FBI Cleveland
Public Affairs Officer Susan Licate
February 9, 2021

Romance Scams

Has the foreign prince you have been talking to online stolen both your heart and your identity? Think you have a fishing date with your dream person, only to have been catfished? Instead of falling in love, you’ve fallen prey to romance scams.

Romance scams or confidence scams, can break your heart and your bank account. A confidence/romance scam can happen to anyone at any time. A confidence/romance scam is when a perpetrator deceives a victim into believing the perpetrator and the victim have a trusting relationship, whether family, friendly, or romantic. As a result of that belief, the victim is persuaded to send money, send personal or financial information, send items of value to the perpetrator, or launder money on behalf of the perpetrator.

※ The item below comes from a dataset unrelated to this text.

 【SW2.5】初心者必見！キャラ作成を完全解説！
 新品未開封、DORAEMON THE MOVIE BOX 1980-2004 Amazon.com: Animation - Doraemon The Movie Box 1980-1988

Confidence/romance scams have resulted in one of the highest amounts of financial losses when compared to other Internet-facilitated crimes. In 2020, over 23,000 victims reported over $605,000,000 in losses, as compared to over 12,500 victims and over $203,000,000 in losses in 2015.

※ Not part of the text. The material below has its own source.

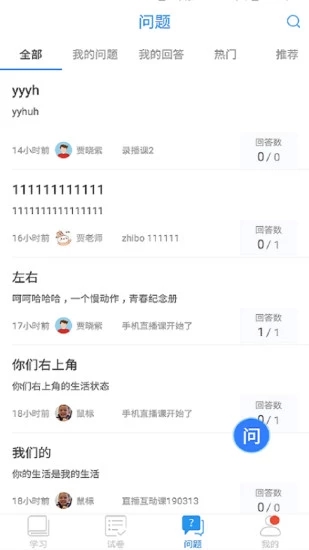 yy空中课堂免费下载在线学习官方版 v9.73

Individuals looking for love and companionship are the target victims of this type of online fraud. The criminals who carry out romance scams are experts at what they do. They spend hours honing their skills and sometimes keep journals on their victims to better understand how to manipulate and exploit them. The scammers often watch social media accounts or glean information from an online dating profile. Amazingly, the scammer often likes what their victim likes, shares the same hobbies, the same interests, the same books, etc. Over time, the scammer increases communication with their victim through email, texts, phone calls, etc.

Scammers use poetry, flowers, and other gifts to reel in victims, all while declaring their “undying love”. These criminals often use stories of severe life circumstances, tragedies, deaths in the family, injuries to themselves, other hardships to keep their victims concerned and involved in their schemes. Scammers then often ask victims to send money to help them overcome a financial situation they claim to be experiencing. These are all lies intended to take money from unsuspecting victims.

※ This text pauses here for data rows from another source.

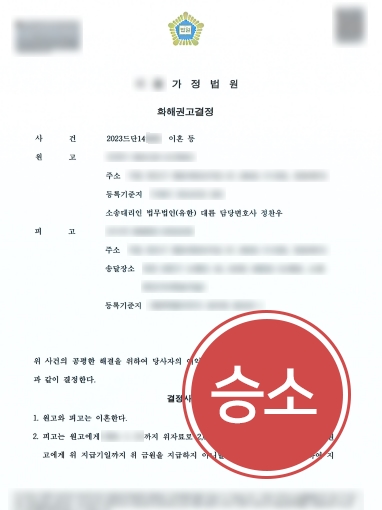 안양이혼변호사 조력 사례 | 이혼하려는 의뢰인 조력해 위자료 인용 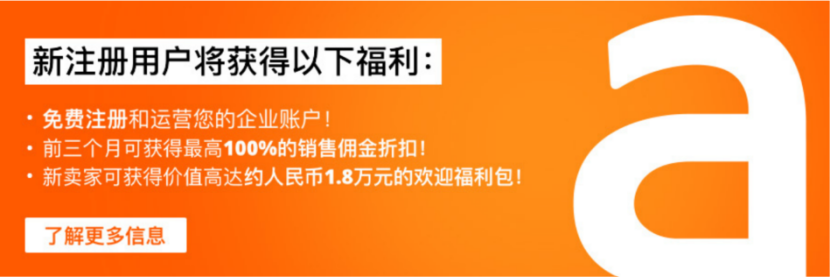 企业账户的欢迎计划：适用于2025年5月份注册的新企业账户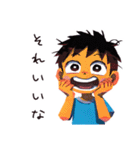 元気な子ども（男の子）★お返事（個別スタンプ：39）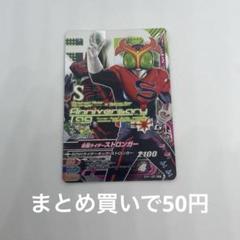 ガンバライジング 仮面ライダーストロンガー アマゾン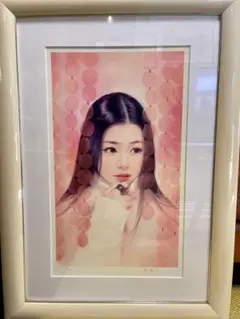 2025年最新】平凡・陳 淑芬の人気アイテム - メルカリ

The best defense of confidence/romance scams is education and awareness to deter individuals from falling victim to these scams.

Here are some tips to help avoid becoming a victim:

  • Be careful what you post because scammers can use that information against you.
  • Only use dating websites with national reputations, but assume that con artists are trolling even the most reputable sites.
  • Go slow and ask questions.
  • Research the individual’s pictures and profile using other online search tools to ensure someone else’s profile was not used or to see if that same pitch is being used on multiple victims at once.
  • The individual sends you a photo that looks like it is out of a magazine.
  • The individual professes love quickly.
  • The individual tries to isolate you from family and friends.
  • The individual claims to be working and living far away, whether that is on the other side of the country or overseas.
  • The individual makes plans to visit you, but always cancels because of some emergency.
  • The individual asks you for money. Never send money to someone you met online and have not met in person. It may take weeks or months for the perpetrator to get to the point of asking for money, they are most often communicating with several victims at once, so they can go slow.
  • The individual may ask for your help in moving money. Never help anyone move money through your own account or another’s, you could become an unwitting money mule.
  • The individual asks you to send compromising photos or videos of yourself or asks for your financial information. Never send anything that can later be used to blackmail you.
  • If you plan to meet someone in person that you have met online, the FBI recommends using caution, do not travel alone, and check the State Department’s Travel Advisories before arranging any travel. Individuals should know that some victims that have agreed to meet in person with an online love interest have been reported missing, injured, and, in one instance, deceased.

If you are a victim of a romance scam, or believe you have been victimized by an online fraud, file a complaint with the FBI’s Internet Crime Complaint Center at www.ic3.gov and call your local FBI field office. We recognize that it may be embarrassing for victims to report this type of scam because they are intensely personal. However, we ask victims to come forward so the FBI can ensure these online imposters are stopped and brought to justice.